Commodities Summit in Lausanne ignores European and Swiss transparency debates

Zurich/Lausanne, 15.04.2013 - The ‘‘Global Commodities Summit“ to be held tomorrow for the second time on the shores of Lake Geneva underlines the importance of Switzerland as a trading hub. However a discussion of the Federal Council’s Commodities Report is missing from the programme, as well as the debate on the new transparency rules of the EU. BD is on the spot and will attempt to bring both political topics onto the agenda of the sector meeting.

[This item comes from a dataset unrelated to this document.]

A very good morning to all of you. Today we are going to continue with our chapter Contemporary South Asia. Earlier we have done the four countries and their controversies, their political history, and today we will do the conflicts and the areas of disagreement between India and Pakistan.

Last April “official” Switzerland had, with Deputy State Secretary Alexander Karrer, at least the opportunity of delivering the closing words at the commodities summit organised by the Financial Times (FT). This year one looks in vain on the two-day agenda for politicians from Berne or Brussels. However, there would have been no better opportunity for the Federal Councillors responsible for the recently published Commodities Report to express their concerns regarding a “transparent and socially responsible trading centre” (Recommendation 1 of the Report) directly to the bosses of the global market leaders. For the EU Commission too, Lausanne would have been the ideal place to explain to commodities firms their Transparency Directives that come into effect this summer.

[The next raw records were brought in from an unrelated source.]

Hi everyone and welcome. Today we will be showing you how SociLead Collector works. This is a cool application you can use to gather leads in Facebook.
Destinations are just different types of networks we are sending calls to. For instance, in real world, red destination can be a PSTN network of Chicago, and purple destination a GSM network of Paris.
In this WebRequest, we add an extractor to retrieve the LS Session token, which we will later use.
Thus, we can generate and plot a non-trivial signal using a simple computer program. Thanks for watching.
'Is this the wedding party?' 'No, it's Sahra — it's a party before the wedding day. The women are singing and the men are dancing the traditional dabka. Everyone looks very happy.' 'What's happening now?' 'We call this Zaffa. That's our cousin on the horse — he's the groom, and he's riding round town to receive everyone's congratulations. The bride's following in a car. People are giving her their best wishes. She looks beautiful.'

But the new European obligations to disclosure will only apply to extractive activities. The global commodities trading that has developed strongly through Switzerland is not included and is therefore the “black hole” that thwarts worldwide efforts in favour of increased transparency. And this hole is huge: for the profits of the last ten years alone the FT estimates in its today’s front story a figure of about 250 billion dollars. At the same time commodity traders based in Switzerland increasingly emphasize that corporate responsibility has recently become a much more familiar concept to them. But the sector has so far noticeably focused only on developing its PR and lobbying activities. BD will therefore also verify whether the social and ecological downsides are really addressed at this sector rendezvous or whether the big players just continue to do business as usual.